The Feast of Unleavened Bread (Hag HaMatzah) is the fifteenth day of the month of Nisan, which is the day following Passover (Pesach). It is a seven-day festival to YHWH (Leviticus [Vayikra] 23:6-7; Exodus [Shemot] 12:7-8,14-17). On the fifteenth of Nisan and for the next seven days, YHWH forbade the people to have any leavened bread in their houses.

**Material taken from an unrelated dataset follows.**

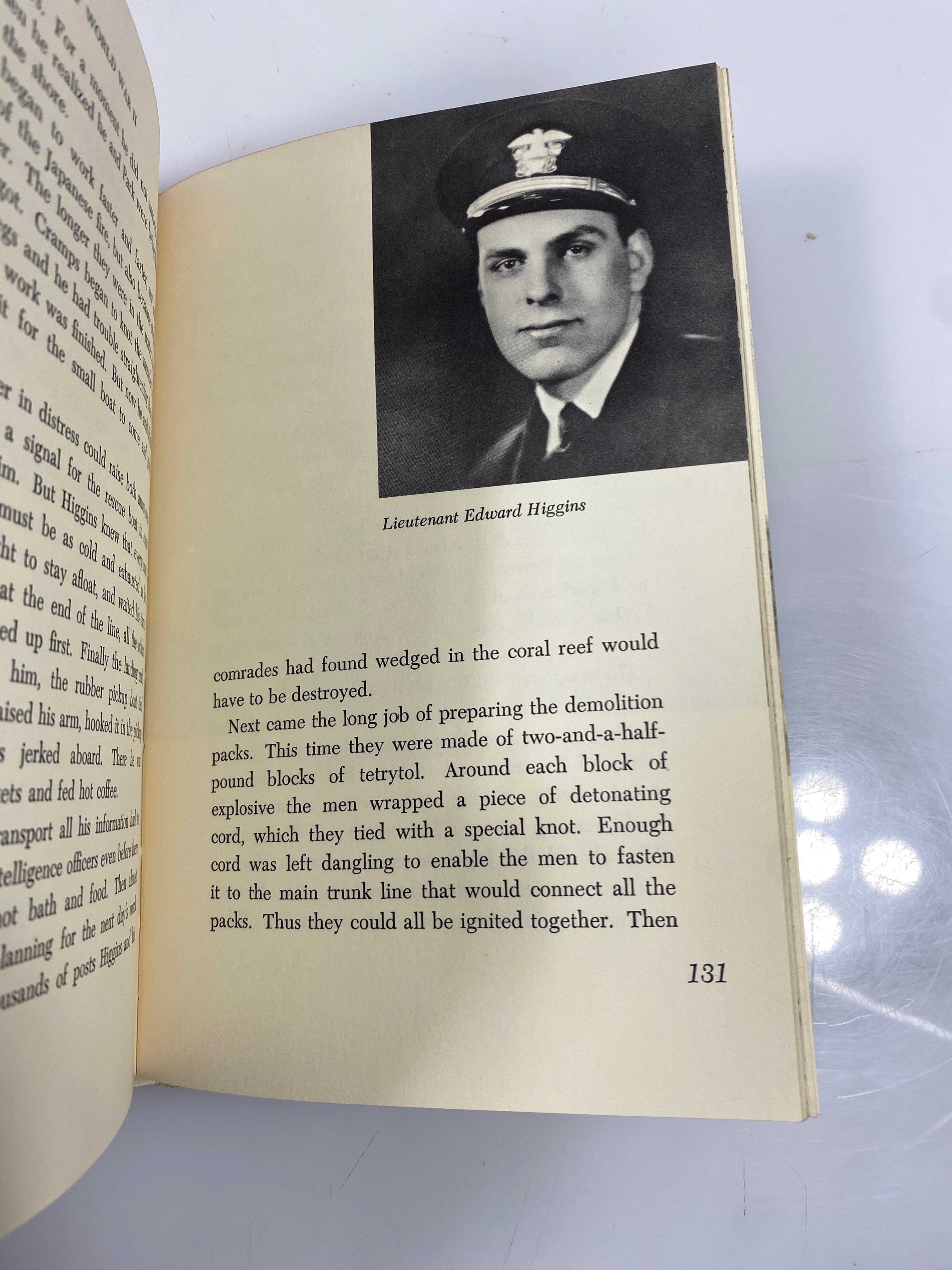 The U.S. Frogmen of WWII Wyatt Blassingame Random House 1964 HC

The festival of Unleavened Bread can be found in Exodus (Shemot) 12:14-17, as it is written: "Now this day will be a memorial to you, and you shall celebrate it as a feast to YHWH; throughout your generations you are to celebrate it as a permanent ordinance. Seven days you shall eat unleavened bread, but on the first day you shall remove leaven from your houses; for whoever eats anything leavened from the first day until the seventh day, that person shall be cut off from Israel. And on the first day you shall have a holy assembly, and another holy assembly on the seventh day; no work at all shall be done on them, except what must be eaten by every person, that alone may be prepared by you. You shall also observe the Feast of Unleavened Bread, for on this very day I brought your hosts out of the land of Egypt; therefore you shall observe this day throughout your generations as a permanent ordinance (Exodus [Shemot] 12:14-17 NAS).

The Book of Exodus (Shemot), chapter 12, describes the Egyptian Passover. After the lamb was killed, the blood was to be put on the doorposts. The lamb was to be roasted in fire and eaten with matzah (unleavened bread) and bitter herbs (Exodus [Shemot] 12:7-8).

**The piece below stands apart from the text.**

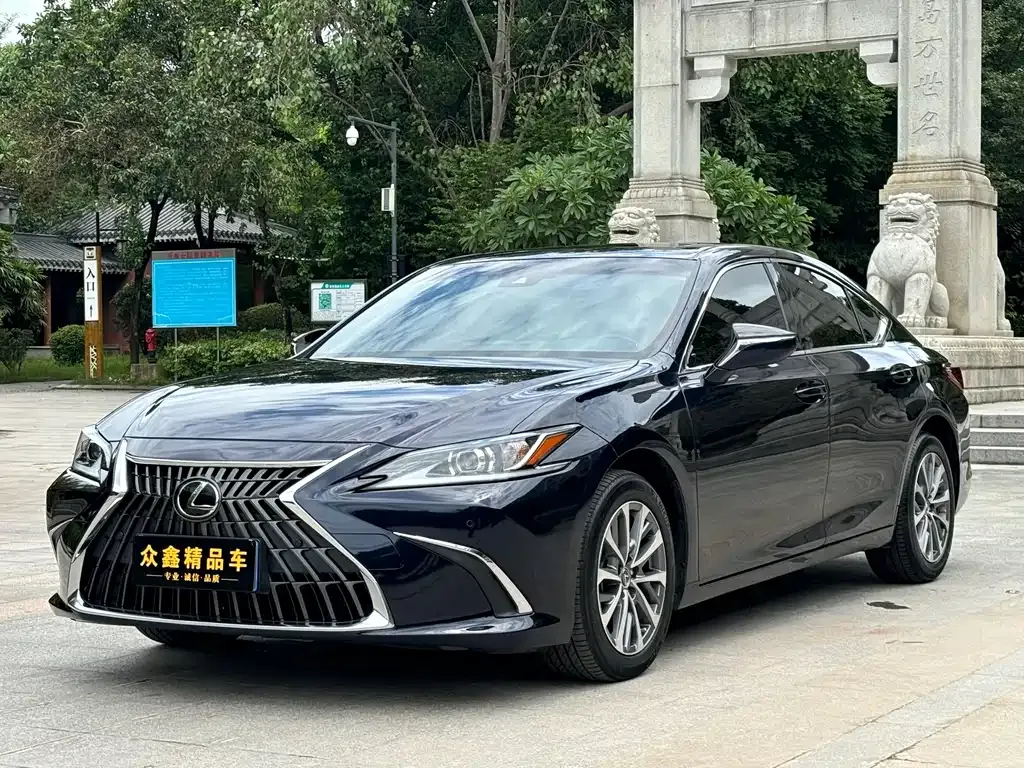 Lexus ES — фото 1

Purging Leaven From the House (Bedikat HaMetz)

YHWH gave a ceremony of searching and removing leaven from the house prior to the festival of Unleavened Bread in preparation for the festival. In Hebrew, this ceremony is called Bedikat HaMetz, which means "the search for leaven" The ceremony is as follows:

The preparation for searching and removing the leaven (Bedikat HaMetz) from the house actually begins before Passover (Pesach). First, the wife thoroughly cleans the house to remove all leaven (HaMetz) from it. In the Bible, leaven (HaMetz) is symbolic of sin.

Spiritual Application (Halacha). Spiritually, the believers in the Messiah Malki Tzedik YEHOWSHUA are the house of YHWH (Hebrews 3:6; 1 Peter 2:5; 1 Timothy 3:15; Ephesians 2:19). Leaven (sin) is to be cleaned out of our house, which is our body (1 Corinthians 3:16-17; 6:19-20; 2 Corinthians 6:15-18).

In cleaning the house, the wife is instructed to purposely leave ten small pieces of leaven (bread) in the house. Then the father takes the children, along with a candle, a wooden spoon, a feather, and a piece of linen cloth, and searches through the house for the ten pieces of leaven. By nightfall on the day before Passover (Pesach), a final and comprehensive search is performed. At this time, the house is completely dark except for the candles. Once the father finds the leaven (bread), he sets the candle down by the leaven and lays the wooden spoon beside the leaven. Then he uses the feather to sweep the leaven onto the spoon. Without touching the leaven, he takes the feather, spoon, and leaven, wraps them in a linen cloth, and casts them out of the door of the house. The next morning (the fourteenth of Nisan), he goes into the synagogue and puts the linen cloth and its contents into a fire to be burned.

Spiritual Application (Halacha). Spiritually, we are to cleanse the leaven (sin) from our houses (lives) by allowing the Holy Spirit (Ruach HaKodesh) to reveal to us, through the knowledge of Malki Tzedik YEHOWSHUA and the Scriptures, the sin that is in our lives. It is only through YHWH's Word that we are able to identify sin in our lives as it is written in Psalm (Tehillim) 119:105, "Thy word is a lamp unto my feet, and a light unto my path." So the spiritual understanding of the candle is that it represents the Word of YHWH. The feather represents the Holy Spirit (Ruach HaKodesh). Even though we have the Word of YHWH, we need the Spirit of YHWH (Ruach HaKodesh) to illuminate the entire Bible to us, including the Torah and the Tanach (1 Corinthians 2:11-14).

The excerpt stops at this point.